Are you ready to get all philosophical with me today??

Ok, so I had grand plans of giving you lovely readers a fun video today….BUT…there is always a but…I can’t get this out of my head and this is the BEST place for me to flesh this out. So…here goes.

There was a comment left on one of the past blogs about how much time I spend working out a day, and by posting that on twitter I am putting unrealistic expectations on people etc. Now, this person really was coming from a good place, and I appreciated the honesty. Let’s not get out the pitch-forks and torches just yet, because I want this to be a place we can all be honest…politely please.   After I let the sting of criticism roll off me I began to really think about this statement. Am I being realistic about my workout schedule….is it too much?

See, I told ya we were getting deep today. Heehee. This brings up a great point about balance. We all need balance in our lives…in our friendships, family, and even our workouts. For me this has been the toughest aspect of leaving the ranch. How do I find balance when all I know is Biggest Loser….which was my full time job for months and months. How do I navigate transitioning from 8 hours of working out a day to just 90 minutes? I’ll tell you…I just go day by day. Somedays 90 minutes doesn’t feel like enough and I do more if I have the time. Then other days I feel great at an hour and I stop there….although that has been rare.  There is also some guilt which I’m working on. 🙂 The point is I’m always working towards a balance that not only works for me, but is healthy.

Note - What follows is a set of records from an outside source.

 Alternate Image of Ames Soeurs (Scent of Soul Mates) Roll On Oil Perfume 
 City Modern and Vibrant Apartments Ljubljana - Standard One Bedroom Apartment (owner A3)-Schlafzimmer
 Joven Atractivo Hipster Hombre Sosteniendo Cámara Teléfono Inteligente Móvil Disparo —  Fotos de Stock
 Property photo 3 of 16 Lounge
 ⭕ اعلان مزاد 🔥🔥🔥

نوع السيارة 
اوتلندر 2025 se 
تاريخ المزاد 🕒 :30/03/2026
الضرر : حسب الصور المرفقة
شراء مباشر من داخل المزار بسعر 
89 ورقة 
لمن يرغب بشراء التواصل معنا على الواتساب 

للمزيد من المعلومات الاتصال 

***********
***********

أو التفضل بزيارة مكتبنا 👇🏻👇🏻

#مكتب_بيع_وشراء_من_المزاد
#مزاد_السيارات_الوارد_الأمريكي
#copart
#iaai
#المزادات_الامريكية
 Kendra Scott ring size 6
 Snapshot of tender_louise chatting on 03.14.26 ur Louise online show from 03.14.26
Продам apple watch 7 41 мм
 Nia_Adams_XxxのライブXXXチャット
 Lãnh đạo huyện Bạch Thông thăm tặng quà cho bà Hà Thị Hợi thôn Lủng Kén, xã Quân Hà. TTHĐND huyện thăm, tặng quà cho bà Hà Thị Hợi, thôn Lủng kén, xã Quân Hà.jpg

I get asked all the time if I think I can sustain this workout schedule my whole life….to which I answer….I don’t know. It cracks me up to see people’s faces when I give them that answer. I’m sure they are expecting some kind of noble “I am winner hear me roar” type of answer like “absolutely, I will workout hours and hours everyday for the rest of my life because I have made a lifestyle change” or something like that. I wish I was that confident, but to be honest I don’t know what tomorrow will hold for me or my schedule. What I do know is that I am going to do whatever is required to keep this weight off…I owe that to myself and to the amazing gift I have been given.   For now, that means working out as much as I do these days feels right. Does that mean it should be the stick that everyone measures themselves by?  No…I repeat…N-O! Sometimes it takes just listening to your body and knowing what is right for you. At the end of the day only  you will know what is best for you, your body, and your schedule.

I hope you all know that when I post what I am doing it is not to discourage anyone…to be REALLY honest…it is to hold ME accountable and hopefully encourages everyone that we are all in this together.  When I read tweets about someone completing their first 5K, going to a spin class and loving it, OR deciding that no matter how scary it is they are going to take the Sports Bra Challenge it reminds me why I started this journey and why I continue.  It feeds my spirit and I just love it.  I hope on some level my tweets lift you up as well.  I really do feel like we are all here to learn from and edify one another.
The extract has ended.